Red sauce Italian restaurants are fortifying examples of immigration, a sign that people moving from one country to another brings intrigue and joy

Sam’s in Brooklyn, New York, once used as a filming location for The Sopranos

In Brooklyn, New York, is a restaurant called Sam’s Pizzeria. It embodies the “red sauce Italian” like no other I’ve been to. There is the owner, Louis, a charismatic man who sounds a bit like Silvio from The Sopranos. A scene from the show was filmed at Sam’s – there are photos of the cast on the wall.

I met Louis on a Friday afternoon while walking back to the subway after two pints of lager and a plate of fried pickles. His restaurant wasn’t open but he was standing outside, talking on the phone.

I stopped to take a photo of the signage, a beautiful timewarp, and he invited me in and showed me around. Sam’s is a place made of old wood and red banquettes, of bottles of house wine and streaks of elegant chrome. It is memorable.

The next day, I returned to eat, and the place was rammed. Louis was on song, shifting between tables of regulars. I had potato croquettes for $6 a portion and a sub-$15 plate of spaghetti with “meat sauce”. They were simple dishes but pleasurable ones; the flavours were linear, candid and strong. A glass of red wine tasted like a boxed variety usually consumed while wandering around in the south of France, though the part near Spain, absolutely not the Riviera.

And why do we love red sauce Italian restaurants so much? They are neither authentic nor regional, two inelegant buzzwords canvassed so dutifully by diners today. I think probably it is that these carefree joints are honest; that they are fortifying examples of immigration, a sign that people moving from one country to another brings intrigue and joy but without the cloying earnestness and self-righteous parading from people so desperate to appear liberal and progressive.

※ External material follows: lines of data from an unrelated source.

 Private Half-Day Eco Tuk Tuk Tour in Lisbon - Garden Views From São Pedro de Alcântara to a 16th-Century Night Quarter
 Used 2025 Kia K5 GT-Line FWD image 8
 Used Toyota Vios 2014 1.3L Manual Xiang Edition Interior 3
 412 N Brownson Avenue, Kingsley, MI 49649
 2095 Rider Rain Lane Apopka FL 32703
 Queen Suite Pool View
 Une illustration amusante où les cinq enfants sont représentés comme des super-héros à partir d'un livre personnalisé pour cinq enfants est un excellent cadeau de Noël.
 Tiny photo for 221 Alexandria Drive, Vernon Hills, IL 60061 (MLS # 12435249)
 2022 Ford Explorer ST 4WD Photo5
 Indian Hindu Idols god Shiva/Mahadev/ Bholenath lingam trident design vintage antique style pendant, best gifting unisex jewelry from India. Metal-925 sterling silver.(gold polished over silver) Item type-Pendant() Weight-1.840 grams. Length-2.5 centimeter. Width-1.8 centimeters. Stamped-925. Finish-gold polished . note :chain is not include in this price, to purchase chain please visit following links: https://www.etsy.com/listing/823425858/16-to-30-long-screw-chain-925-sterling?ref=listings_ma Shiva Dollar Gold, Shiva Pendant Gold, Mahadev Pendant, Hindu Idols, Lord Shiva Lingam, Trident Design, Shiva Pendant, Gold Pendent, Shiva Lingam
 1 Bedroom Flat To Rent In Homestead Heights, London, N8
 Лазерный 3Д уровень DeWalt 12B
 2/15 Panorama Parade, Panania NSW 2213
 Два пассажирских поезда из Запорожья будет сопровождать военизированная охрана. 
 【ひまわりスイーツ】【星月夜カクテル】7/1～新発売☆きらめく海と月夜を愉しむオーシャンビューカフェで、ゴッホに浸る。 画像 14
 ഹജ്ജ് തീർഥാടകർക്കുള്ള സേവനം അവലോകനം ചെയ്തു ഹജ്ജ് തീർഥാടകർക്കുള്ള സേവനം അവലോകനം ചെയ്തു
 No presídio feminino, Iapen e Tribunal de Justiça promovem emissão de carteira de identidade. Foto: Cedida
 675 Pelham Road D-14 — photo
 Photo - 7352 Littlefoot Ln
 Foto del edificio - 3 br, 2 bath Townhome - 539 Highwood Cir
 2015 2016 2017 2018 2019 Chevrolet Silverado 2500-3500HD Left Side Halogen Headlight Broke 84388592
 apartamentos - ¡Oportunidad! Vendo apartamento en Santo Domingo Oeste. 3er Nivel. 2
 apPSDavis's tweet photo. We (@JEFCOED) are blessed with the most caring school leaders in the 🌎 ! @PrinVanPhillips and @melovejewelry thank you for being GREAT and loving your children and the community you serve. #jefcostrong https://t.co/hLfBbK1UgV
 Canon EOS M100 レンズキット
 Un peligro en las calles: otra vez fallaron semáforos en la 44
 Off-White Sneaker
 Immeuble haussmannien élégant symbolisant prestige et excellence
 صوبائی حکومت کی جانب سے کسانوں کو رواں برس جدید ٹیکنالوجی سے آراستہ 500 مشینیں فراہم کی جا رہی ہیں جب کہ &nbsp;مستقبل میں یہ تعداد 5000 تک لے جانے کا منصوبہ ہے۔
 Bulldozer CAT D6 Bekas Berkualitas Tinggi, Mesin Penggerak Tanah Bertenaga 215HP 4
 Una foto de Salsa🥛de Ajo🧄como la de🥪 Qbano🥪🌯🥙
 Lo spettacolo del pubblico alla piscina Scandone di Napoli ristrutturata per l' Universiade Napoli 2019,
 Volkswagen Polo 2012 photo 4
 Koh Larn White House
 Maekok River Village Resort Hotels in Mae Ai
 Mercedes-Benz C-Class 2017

The “red sauce Italian” is also a symbol of comfort and affordability. Dishes like chicken parm and “grandma’s meatballs” are both accessible and, usually, passable if not delicious. And there is chicness to be found in penne alla vodka and the glow of neon lights. The aesthetic is old but fits so courageously in the modern world.

While New York is home to the red sauce Italian, the UK is having a moment, where restaurants as pastiches are opening apace. One, in Soho, is Grasso. There, mozzarella sticks come draped in ’nduja and honey and the tagliatelle alfredo you will have seen before – in all those glitzy mob movies where food plays a central role.

Another is The Dover, a new Mayfair hangout that is altogether more sophisticated and refined but Italian American all the same. The founder told the Standard newspaper that when he was discussing the place with his designers, he asked them to create something along the lines of “Sophia Loren goes to Brooklyn, eats a bowl of spaghetti meatballs, and Al Pacino is her boyfriend.”

These are welcome and playful additions to dining out in Britain. But we mustn’t forget the old school Italians that Britain has long hosted. We’ve had our fair share of Italian immigration, too, and there are no end of charming spots. Anglo-Italian is the order.

At these, the vibe is different. There might not be chrome or neon lighting and you are unlikely to encounter Formica tables – these are the preserve of our greasy spoons – or servers plucked out of Hollywood. Rather, there will be faux Tuscan pots, poorly painted lemons on the walls, white tablecloths and cheerful rather than hardy waiters who bring you shots of limoncello after dessert.

These restaurants are all over Britain. The pinnacle might be Ciao Bella, on Lamb’s Conduit Street in London, where the portions are enormous and the party ever-present.

As much as New York’s influence is exciting – that big American drama is just so easy to lap up – we mustn’t forget our own joints around town. No chicken parm, but plenty of spaghetti bolognese. And a very good time.